- [Task objective]
Give the entries again, exactly as written.

Web page caption snippets:

○ ○ ○ ○

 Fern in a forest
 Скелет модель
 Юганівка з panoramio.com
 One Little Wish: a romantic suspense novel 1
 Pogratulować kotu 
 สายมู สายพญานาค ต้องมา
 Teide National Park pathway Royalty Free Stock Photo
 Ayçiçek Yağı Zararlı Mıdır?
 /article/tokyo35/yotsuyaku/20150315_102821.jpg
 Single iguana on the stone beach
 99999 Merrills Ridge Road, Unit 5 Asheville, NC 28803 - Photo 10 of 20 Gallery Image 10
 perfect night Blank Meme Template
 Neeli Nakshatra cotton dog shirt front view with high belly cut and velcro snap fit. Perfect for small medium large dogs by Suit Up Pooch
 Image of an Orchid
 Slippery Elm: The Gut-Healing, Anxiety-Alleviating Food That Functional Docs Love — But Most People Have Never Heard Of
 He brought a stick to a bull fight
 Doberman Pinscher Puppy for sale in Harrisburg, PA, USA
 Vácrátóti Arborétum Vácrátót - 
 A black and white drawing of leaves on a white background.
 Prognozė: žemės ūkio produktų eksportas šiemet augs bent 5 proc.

○ ○ ○ ○

- [Task output]
 Fern in a forest
 Скелет модель
 Юганівка з panoramio.com
 One Little Wish: a romantic suspense novel 1
 Pogratulować kotu 
 สายมู สายพญานาค ต้องมา
 Teide National Park pathway Royalty Free Stock Photo
 Ayçiçek Yağı Zararlı Mıdır?
 /article/tokyo35/yotsuyaku/20150315_102821.jpg
 Single iguana on the stone beach
 99999 Merrills Ridge Road, Unit 5 Asheville, NC 28803 - Photo 10 of 20 Gallery Image 10
 perfect night Blank Meme Template
 Neeli Nakshatra cotton dog shirt front view with high belly cut and velcro snap fit. Perfect for small medium large dogs by Suit Up Pooch
 Image of an Orchid
 Slippery Elm: The Gut-Healing, Anxiety-Alleviating Food That Functional Docs Love — But Most People Have Never Heard Of
 He brought a stick to a bull fight
 Doberman Pinscher Puppy for sale in Harrisburg, PA, USA
 Vácrátóti Arborétum Vácrátót - 
 A black and white drawing of leaves on a white background.
 Prognozė: žemės ūkio produktų eksportas šiemet augs bent 5 proc.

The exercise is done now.